MN: Now, when you received permission to travel to Hawaii, your grandmother went, your Oshiro grandmother went as far as Tokyo with you. Now, you had a Nisei uncle stationed in Tokyo from Hawaii. How did -- so since they were from Hawaii, how did they prepare you for your trip to Hawaii?

AT: Well, they just, yeah, they told me Hawaii is gonna be -- because it was winter in Tokyo, very cold, so they said, "Okay, it's gonna be much hotter in Hawaii." So Hawaii, it was, you know, "It's gonna be different from Japan and all that." But there wasn't too much that they had to really tell me about. But as far as English and anything like that, not that, nothing that they taught. So they encouraged, "You have to learn English right away to communicate with anybody." That was, yeah, my uncle, but actually, that's my mother's cousin, one and only cousin. [Laughs]

MN: You're traveling by yourself. Were you scared, were you excited? What were you feeling?

AT: I don't remember as being scared, but, yeah, half maybe excited. But I didn't think, I wasn't scared at all. But there was a lady who was going to Oklahoma, and my uncle had talked to her and to the airline, so they sat me right next to her. Because, and from there, I was on my own, but it was twenty hours, I remember. Ten hours, we fueled in Wake island, and my uncle told me, "Okay, when you reach Wake, there's a bus there and you'll be taken to this place and you'll have breakfast there." So bus was like a tram was waiting there. And we went to, in fact, that Wake island, that's about the building I remember had in that whole island. [Laughs] So we had breakfast there and then got on, and then another ten hours to Hawaii.
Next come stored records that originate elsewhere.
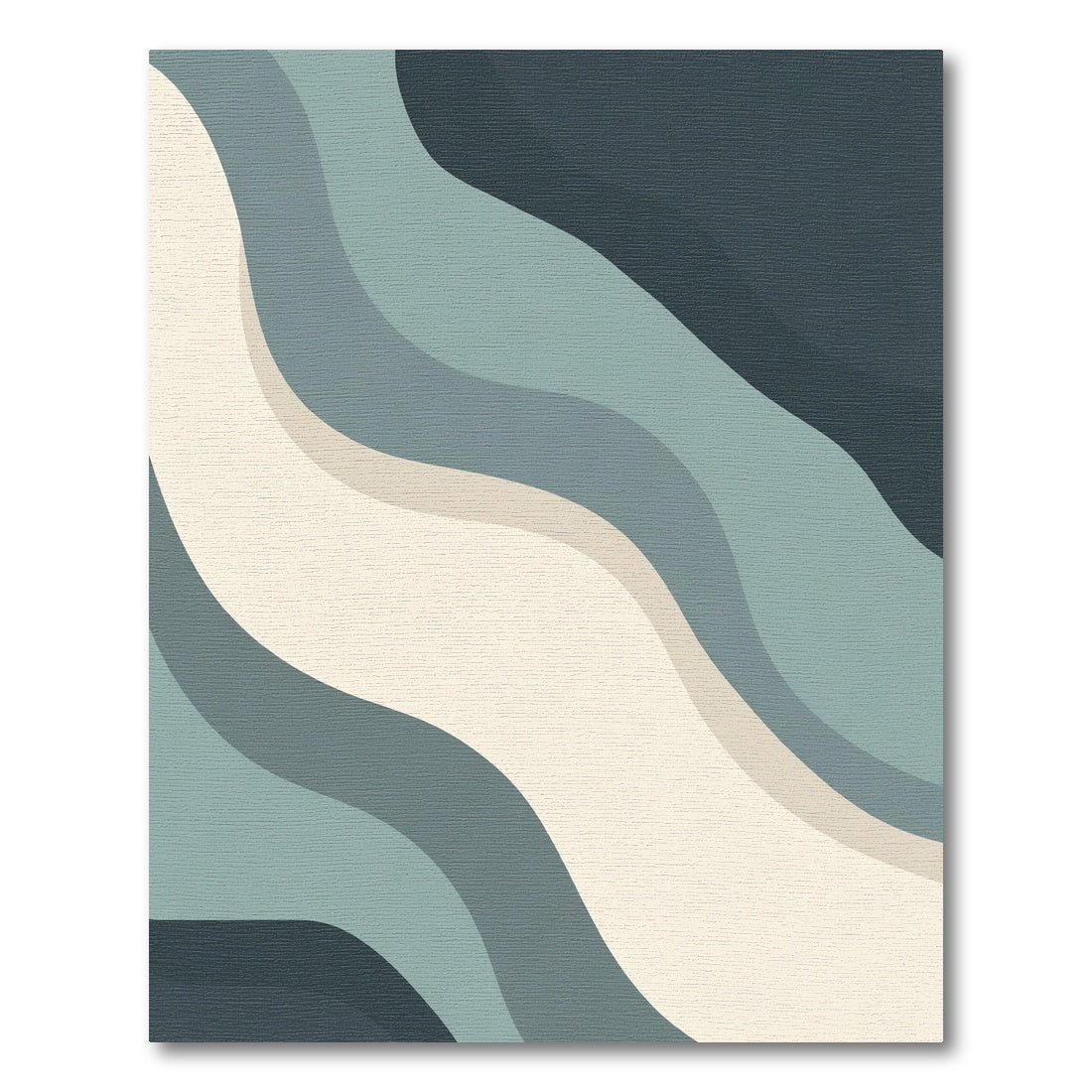 Cool Tone Abstract Wavy Terrains Rug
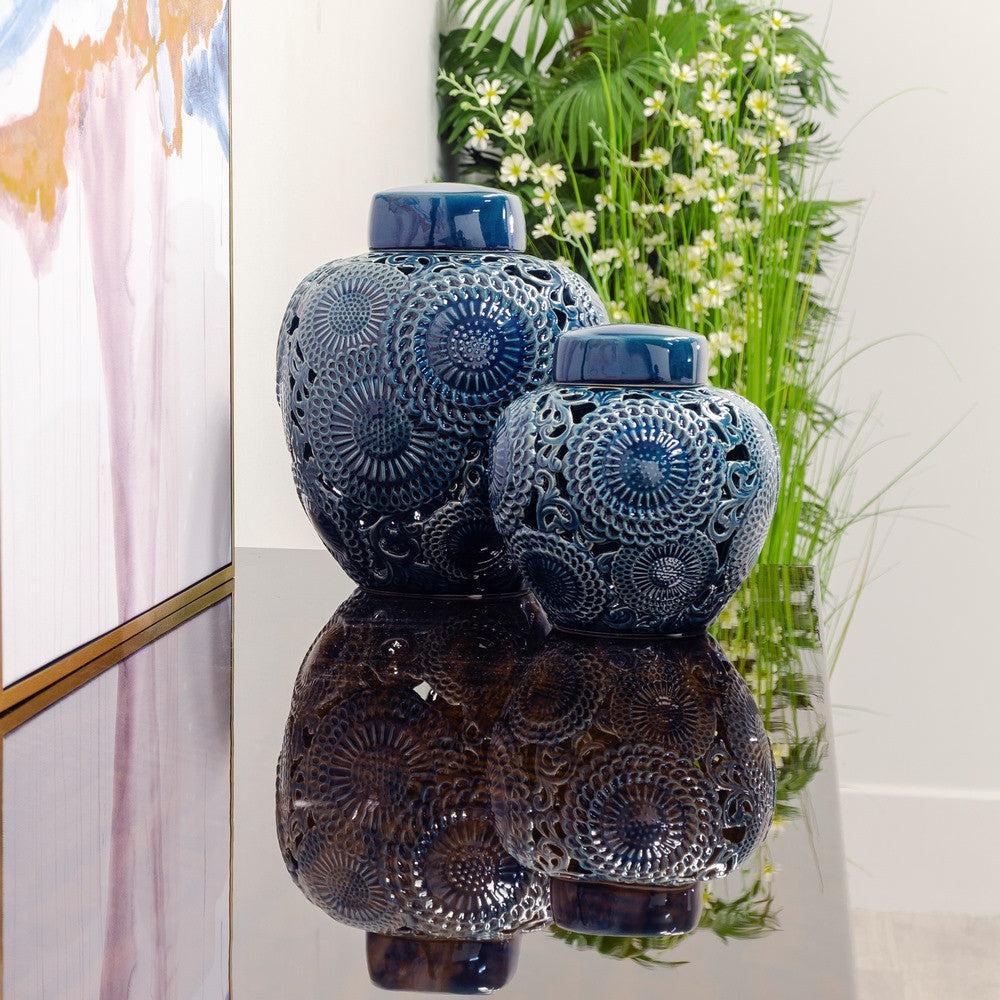 Vaso etnico blu in ceramica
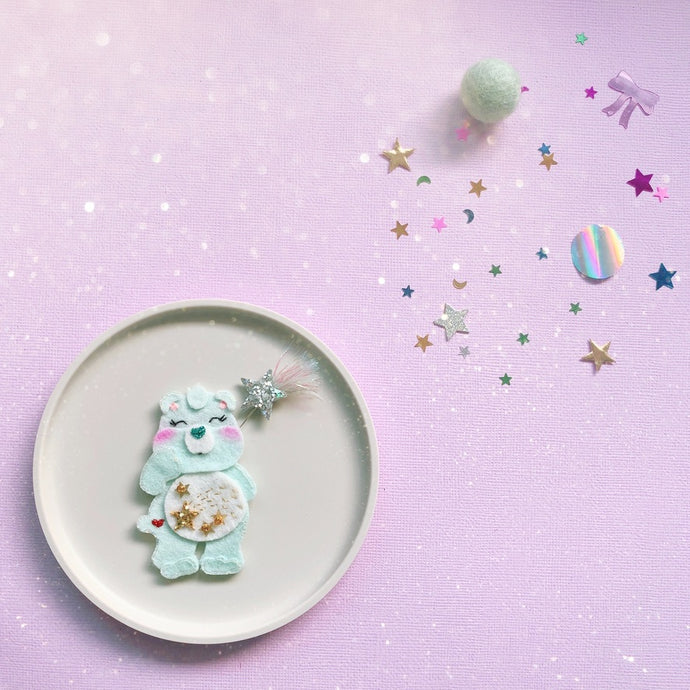 Wish Bear Care Bear Character Inspired Glitter Hair Clip - Little Magic Pieces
And yeah, when we reached Hawaii, I thought, oh, it was beautiful. Because all the leis that I got, and as you drive out of airport, you see all these lei huts just lined, standing next to each other. And had, every place was lighted, so I was so excited. I was asking Uncle, so he said that was the place that you, they sell the leis. And then when I went to my uncle's place, they had all these food. I guess now, I think about it, it was Japanese American food, but it was something very new to me like potato salad and all those things.

MN: So you stayed in Honolulu for one night before going to Kauai with your, to be with your Yabiku grandparents. Now, on Kauai, were there a lot of Okinawans in the community?

AT: Yes, I think so. Yeah, our neighbor, there were a few, but yes, they did, because while I was there, was that the time... it might have been there. I remember dancing at some Okinawa shimnenkai.

MN: But not at that time.

AT: It might have been at that time, yeah. So that... of course, I had just came in, my grandmother, father was excited that I knew dancing, so was, yeah, someplace that I danced just to show them. So maybe it wasn't shinnenkai, maybe it was just a family gathering there.

MN: What was the dominant prefecture?

AT: I would think it's Hiroshima. Because at school when I was going there, there were Japanese kids, I mean, knew that I was, I had just come from Japan, and they tried to speak to me little Japanese, and I couldn't really understand them. So I went home and I asked my aunt and she said, "Okay, this is what that means." So I said, "Why is it different?" She said because they were mostly Hiroshima dialect. So I think in Hawaii there's, lot of Japanese are from Hiroshima. Hiroshima was dominant.

MN: Now, when you were living in Kauai, what did you feel about having come to Kauai?

AT: Oh, they have electricity. [Laughs] The stove, you don't have to use the wood to cook, and you have a bath, you can take a bath every day. Those daily, just routine was very special to me.